A2 = np.array(A, copy=True)
and A2 = np.empty_like(A); np.copyto(A4, A)
behave the same as the code above
A2 = A[:]
behaves the same as A2 = A
: both are identical after changes
import copy; A2 = copy.deepcopy(A)
is the only solution I found to create an independent copy.
Upvotes: 0
Views: 214
Reputation: 231385
Look at your array, and understand its structure first:
In [139]: A1
Out[139]: array([[[[1, 1], 2, 3]]], dtype=object)
In [140]: A1.shape
Out[140]: (1, 1, 3)
It's a dtype=object
array; that is the elements are object pointers, not numbers. Also it is 3d, with 3 elements.
In [142]: A1[0,0]
Out[142]: array([[1, 1], 2, 3], dtype=object)
Since it is an array, A1[0,0]
is better than A1[0][0]
. Functionally the same, but clearer. A1[0,0,:]
is even better. Anyways, at this level we still have an array with shape (3,)
, i.e. 1d with 3 elements.
In [143]: A1[0,0,0]
Out[143]: [1, 1]
In [144]: A1[0,0,2]
Out[144]: 3
Now we get a list and numbers, the individual elements of A1
. The list is mutable, the number is not.

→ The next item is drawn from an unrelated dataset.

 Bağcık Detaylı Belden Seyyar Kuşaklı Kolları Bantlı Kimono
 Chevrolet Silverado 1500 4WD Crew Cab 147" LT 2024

We can change the 3rd element (a number) to a string:
In [148]: A1[0,0,2]='xy'
To change an element of the 1st element, a list, I have to use the mixed indexing, not a 4 level array indexing.
In [149]: A1[0,0,0,0]
...
IndexError: too many indices for array
In [150]: A1[0,0,0][0]='yy'
In [151]: A1
Out[151]: array([[[['yy', 1], 2, 'xy']]], dtype=object)
A1
is still a 3d object array; we have just change a couple of elements. The 'xy' change is different from the 'yy' change. One changed the array, the other a list element of the array.
A2=A1.copy()
makes a new array with copies of the elements (the data buffer) of A1
. So A2
has pointers to the same objects as A1
.
The 'xy' changed the pointer in A1
, but did not change the A2
copy.
The 'yy' change modified the list pointed to by A1
. A2
has a pointer to the same list, so it sees the change.
Note that L
, the original nested list sees the same change:
In [152]: L
Out[152]: [[[['yy', 1], 2, 3]]]
A3 = A[:]
produces a view
of A1
. A3
has the same data buffer as A1
, so it sees all the changes.
A4 = A
would also see the same changes, but A4
is a new reference to A1
, not a view or a copy.
The duplicate answer
that was raised earlier dealt with references, copies and deep copies of lists. That is relevant here because L
is a list, and A1
is an object array, which in many ways is an array wrapper around a list. But A1
is also numpy array, which has the added distinction between view
and copy
.
This is not a good use of numpy
arrays, not even the object dtype version. It's an instructive example, but too confusing to be practical. If you need to do a deepcopy
on an array, you probably are using arrays wrong.
Upvotes: 1